Unlike the tales of yore, in the M1 Singapore Fringe Festival production The Chronicles Of One And Zero: Kancil, the popular mousedeer is now a female — and undergoing a midlife crisis of sorts on her birthday.

Presented by new collective Zeugma as a ‘live’ performance-meets-multimedia visual-and-sound onslaught, playwright Zulfadli Rashid revisits the well-known lighthearted exploits of the cheeky Sang Kancil, as she outwits her mostly larger forest neighbours who also pop up onstage, from the monkey, carabao and elephant to the crocodile, tiger and snail (incidentally the only one to have outwitted her, albeit unintentionally).

But this show takes it a step further, with the mousedeer now confronted by more formidable opponents: “Metal beasts” or construction machines encroaching on the animals’ bubble of a forest in the name of development. In an instant, the intelligent Kancil is caught in a moral dilemma and pays the price for being way too smart for her own good, unable to use her smarts when it’s needed the most.

In a deceptively simplistic way, Zulfadli turns the character on her head, as the very lessons and ideals personified by the mousedeer’s adventures are likewise subverted. The folktales’ aspirational and inspirational ideas of someone small beating the big guys by out-thinking them runs into a wall as our small and now-flustered hero is helpless against what is, in their simple world, unthinking machines.

While the premise behind the popular folktale’s makeover is certainly interesting, the manner of staging, combining an actor and multimedia, has mixed results. On one hand, you had Gloria Tan’s hectic, virtuosic performance of multiple characters — mischievous as Kancil one moment, menacing as Buaya the next. On the other, you had the endless possibilities (and the somewhat inherent detachedness) of the multimedia elements. The two strategies — both interesting in their own right — don’t completely dovetail, and it could be confusing trying to figure out who’s speaking what.

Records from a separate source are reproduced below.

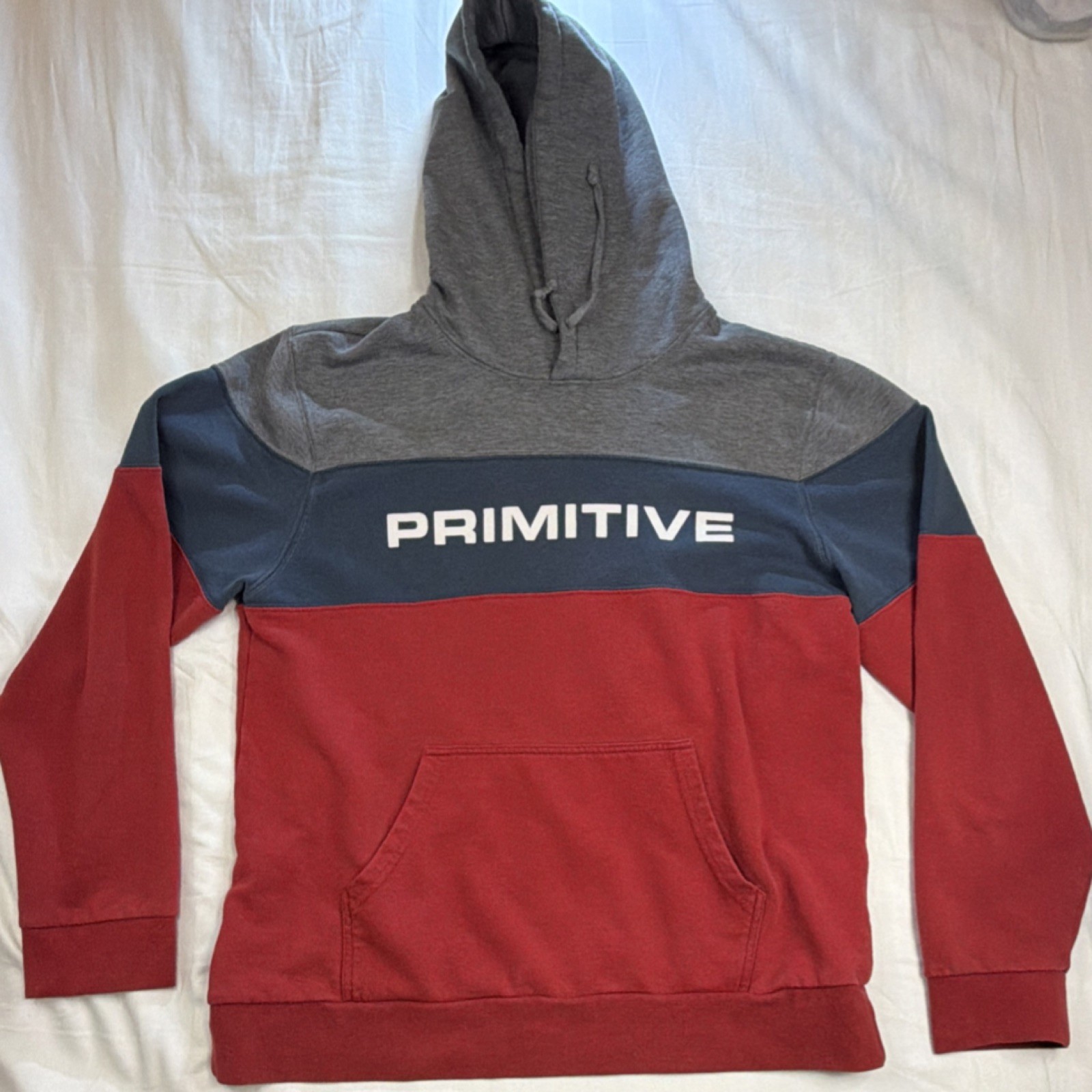 Ing Hoodie Men&rsquo;s Large Gray Blue Red Pullover Streetwear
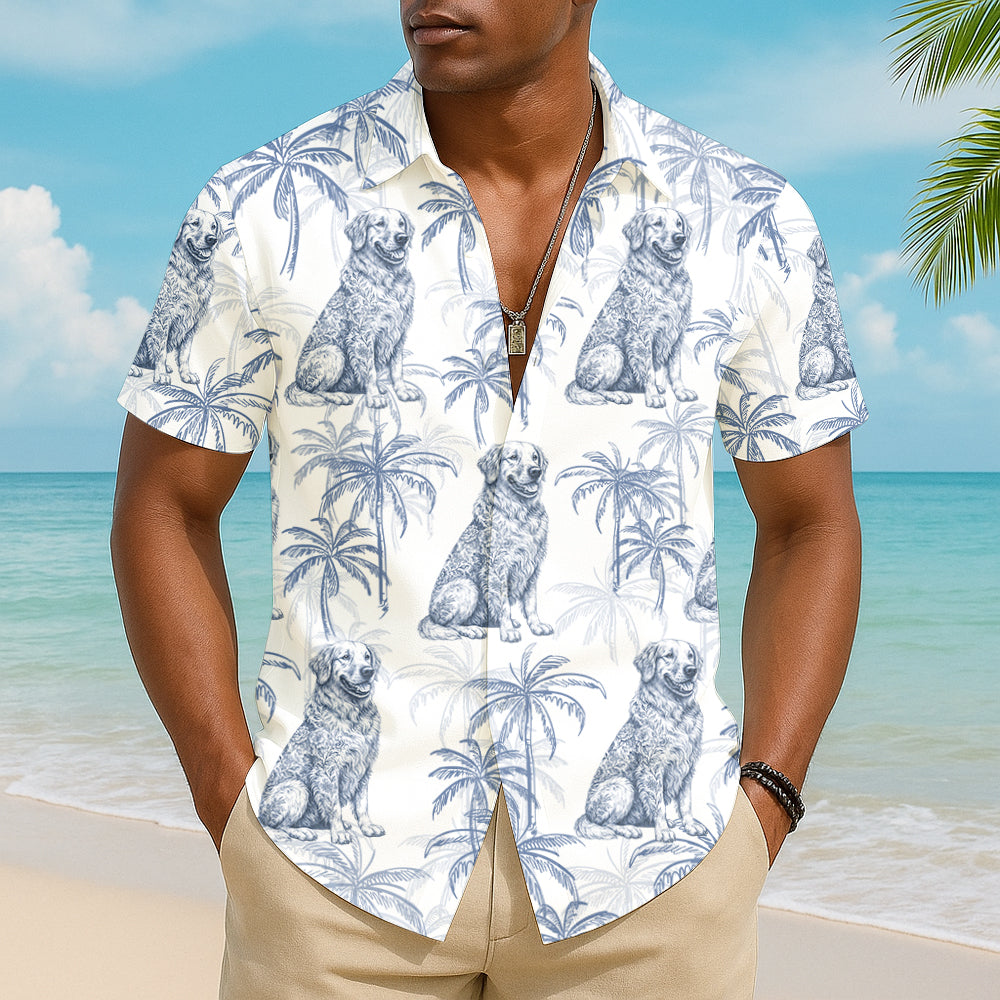 Dog Lovers Toile De Jouy Style, Custom Dog Breeds, Personalized Hawaiian Shirt T1807 Hv01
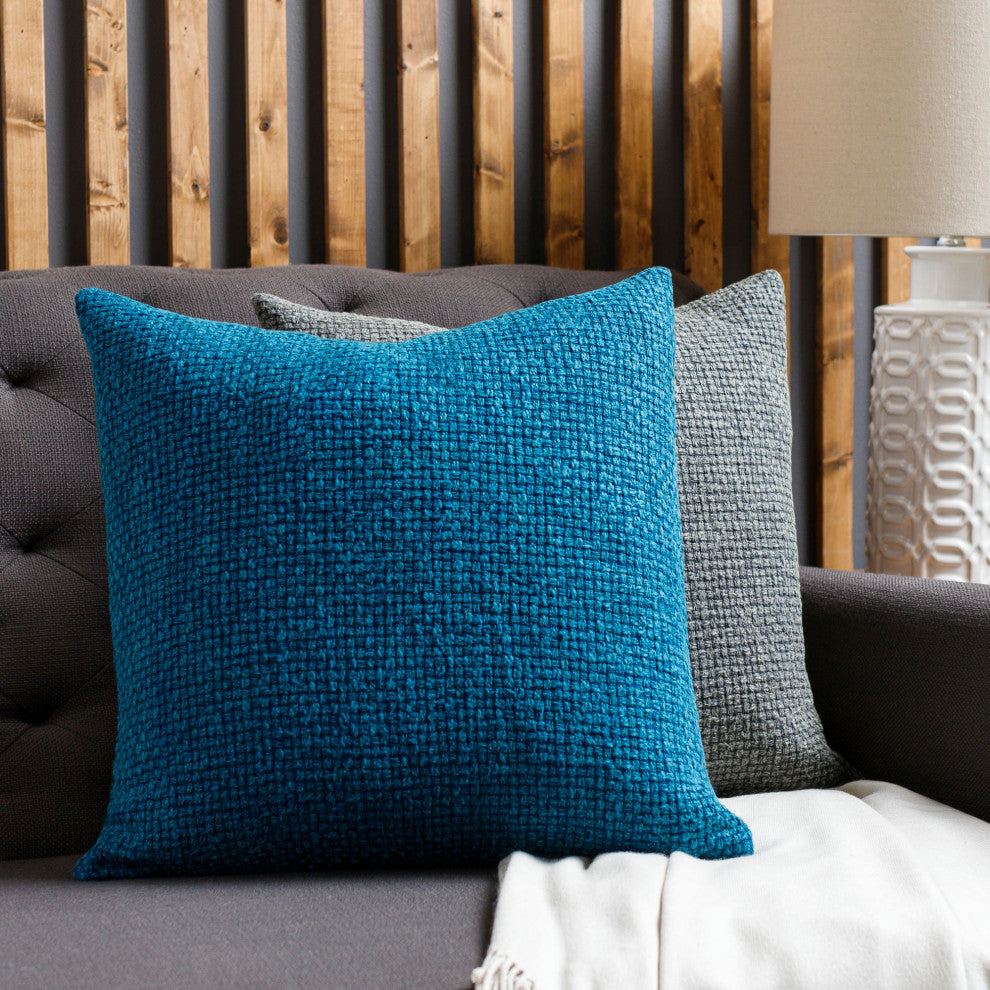 Surya Washed Texture Deep Teal Pillow Shell With Polyester Insert 18"H X 18"W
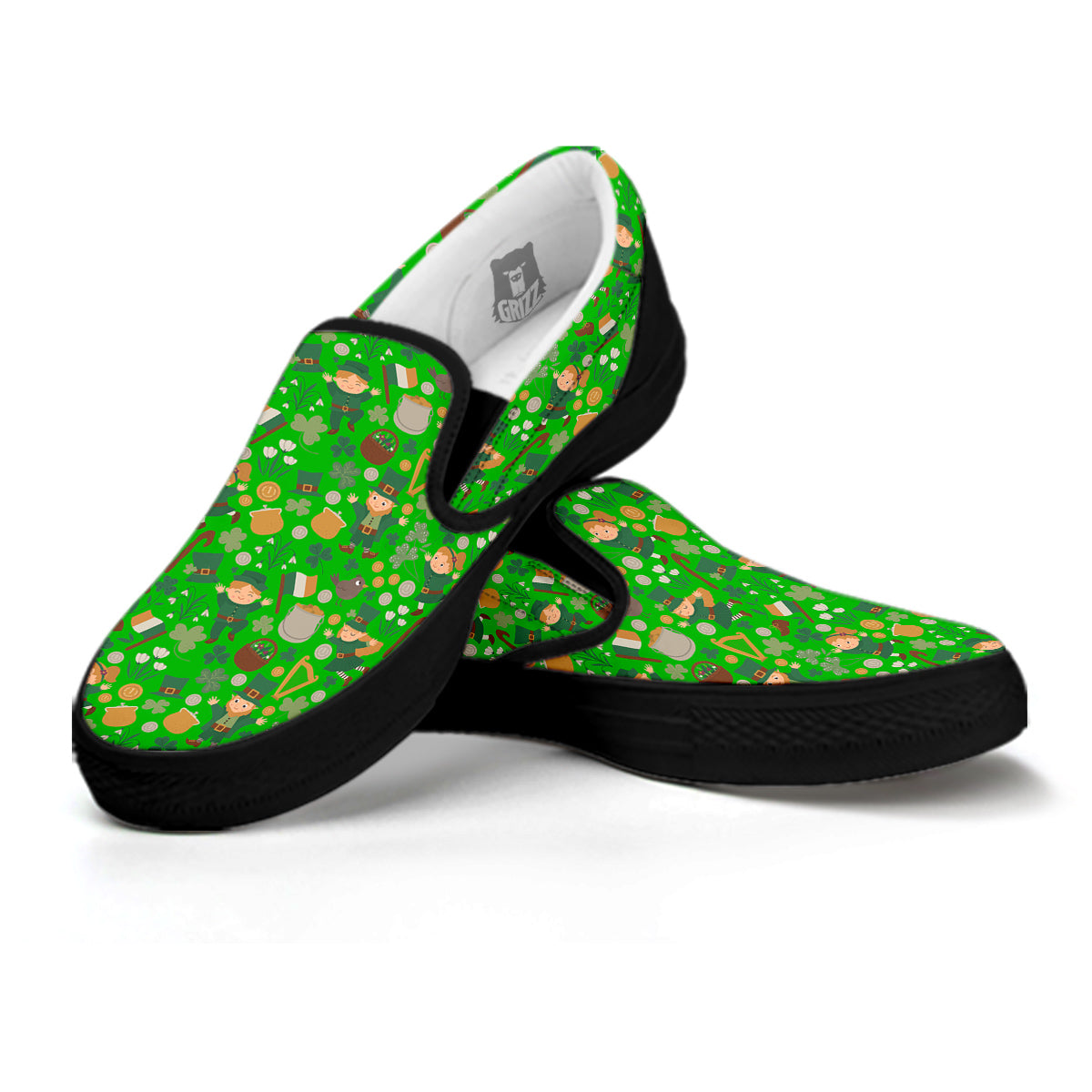 Saint Patrick's Day Cute Print Pattern Black Slip On Shoes-grizzshop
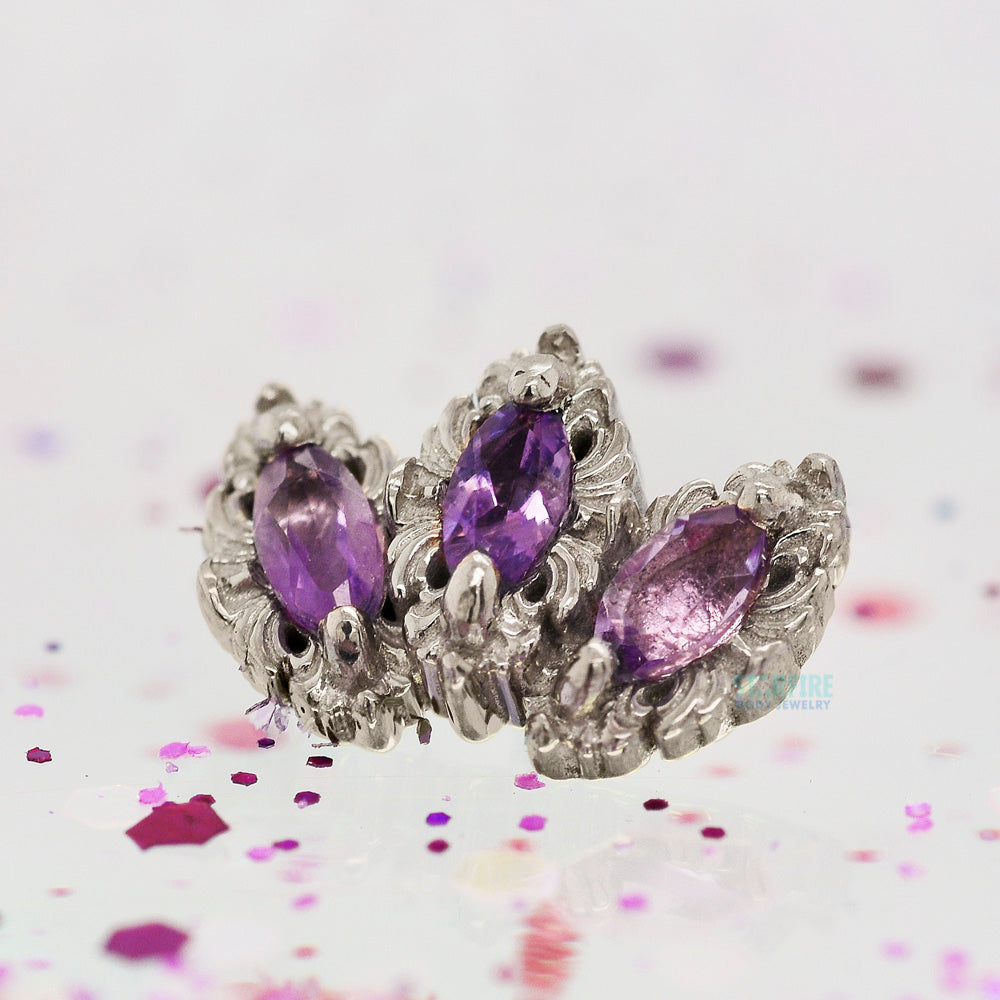 "Baroque" Threaded End in Gold with Amethyst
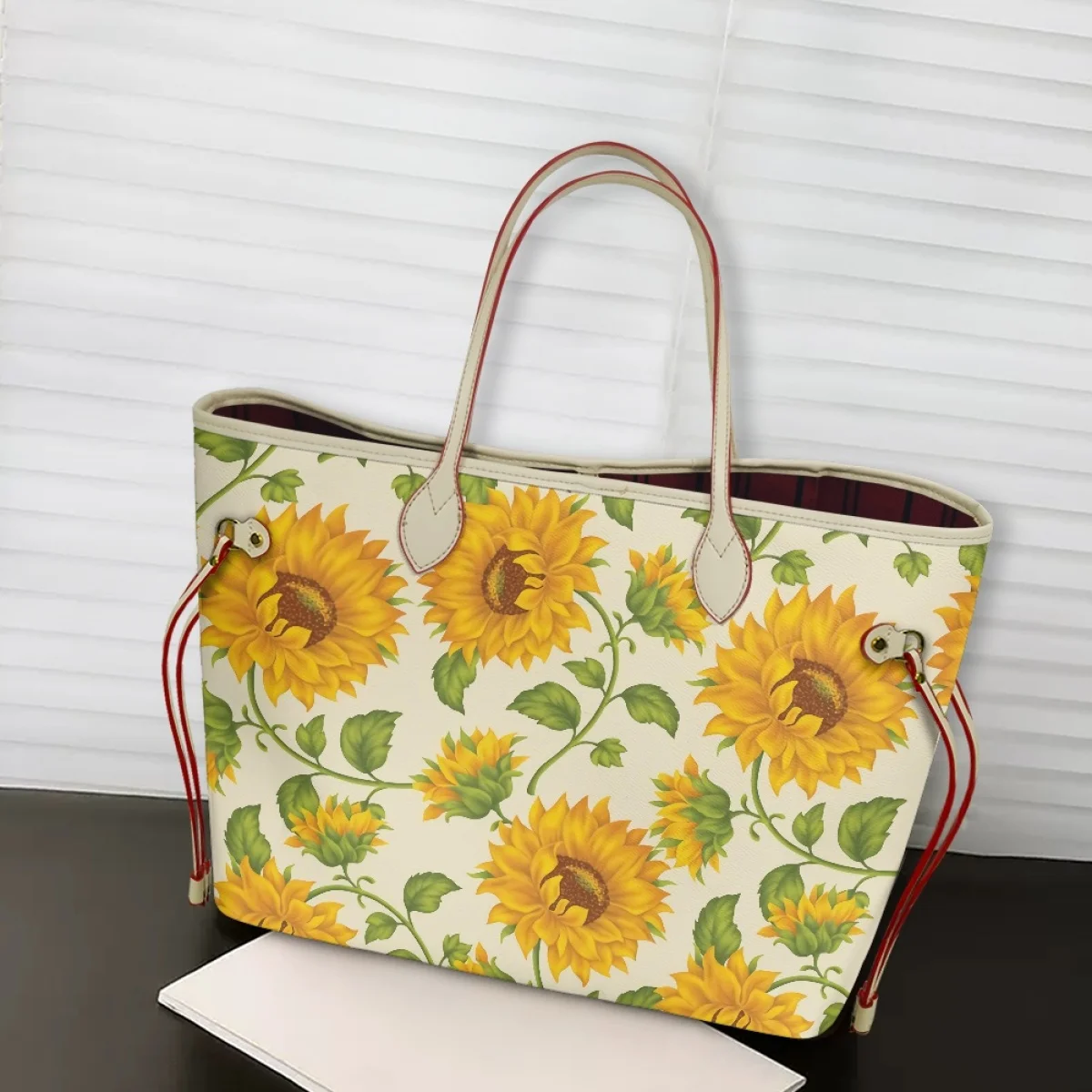 

Fresh Sunflowers Portable Big Pouches Brand Designer Convenient Durable Female Clutches Large Space Cosmetic Women Handbag Tote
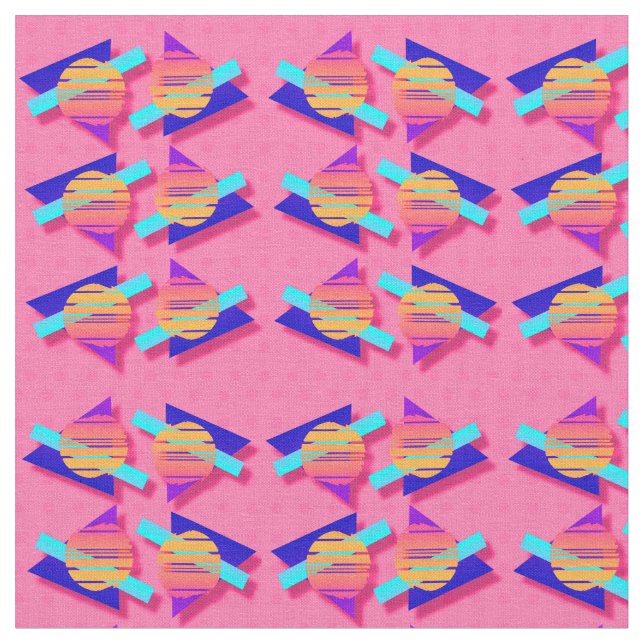Tissu Motifs au néon de triangle de Memphis d'années '80 (Fermer)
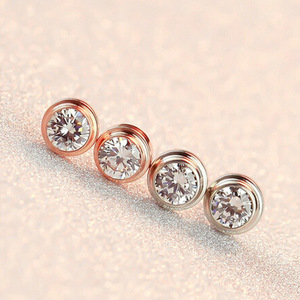 <b>Stud</b> <b>Earrings</b> 6Mm Rose Gold Round Zircon Bezel Setting Stainless Steel Fashion Jewelry - Product Image 1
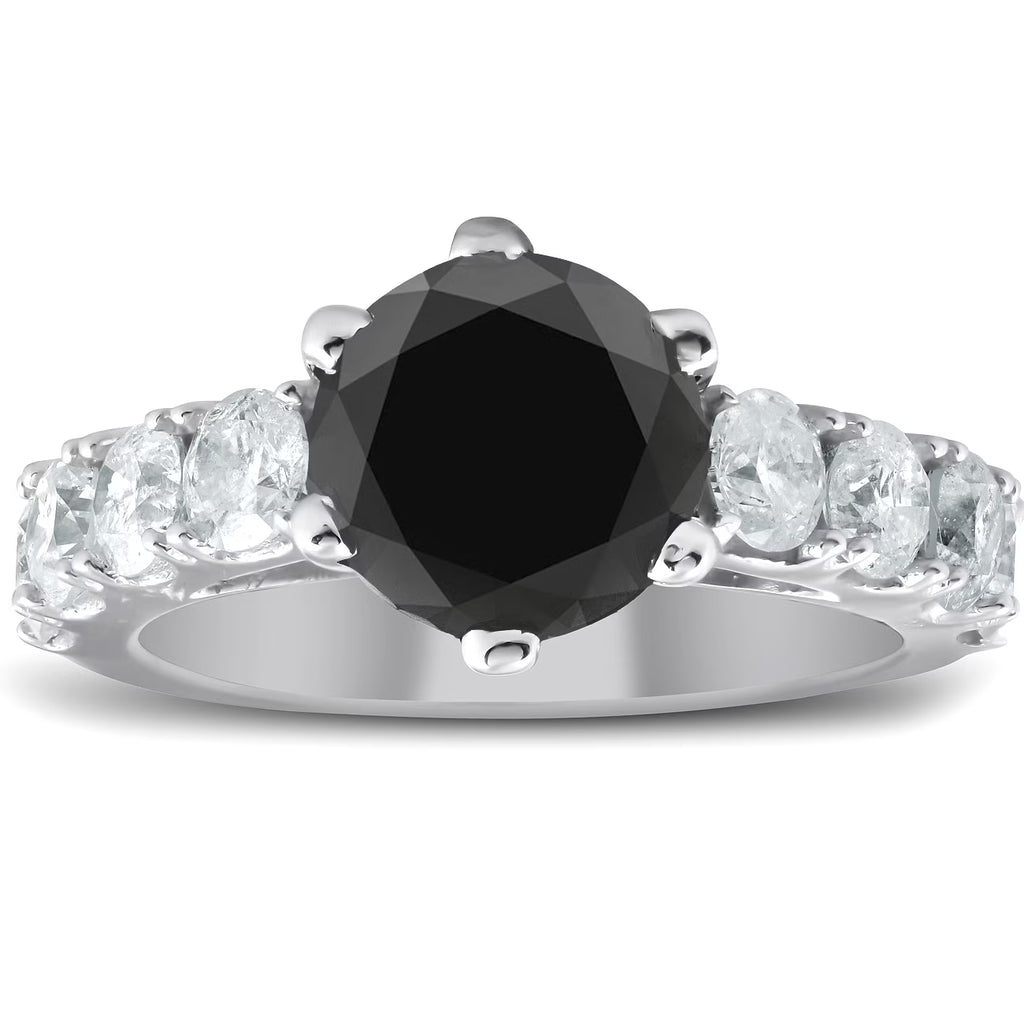 4 1/2 Carat Black & White Diamond Engagement Ring 14K White Gold L1999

Music duo NADA perform behind screens. Singer-actor Rizman Putra, who also directs, offers anecdotal song-commentaries in his role as omniscient storyteller – in a nod, perhaps, to the radio storytellers of old; while partner Safuan Johari provides the soundscapes and retro-tinged tunes. Meanwhile, the duo’s frequent collaborator Brandon Tay splashes hypnotic images on said screens, ranging from more modern body projection-mapping techniques to old-school 8-bit computer game sequences to bring the characters to life. In a nod to the 1980s TV cartoon show Hikayat Sang Kancil (The Chronicles Of Sang Kancil), some footage from that series is also used.

While elements of The Chronicles Of One And Zero: Kancil don’t completely add up, there is nevertheless something poignant and tragic in this folktale reimagined for contemporary times. As machines invade the forest and Tay’s occasional technicolour visuals assault the predominantly black and white images onscreen, we witness an end to innocence as characters from childhood leap out of the pages and TV screens, and into a more complex world.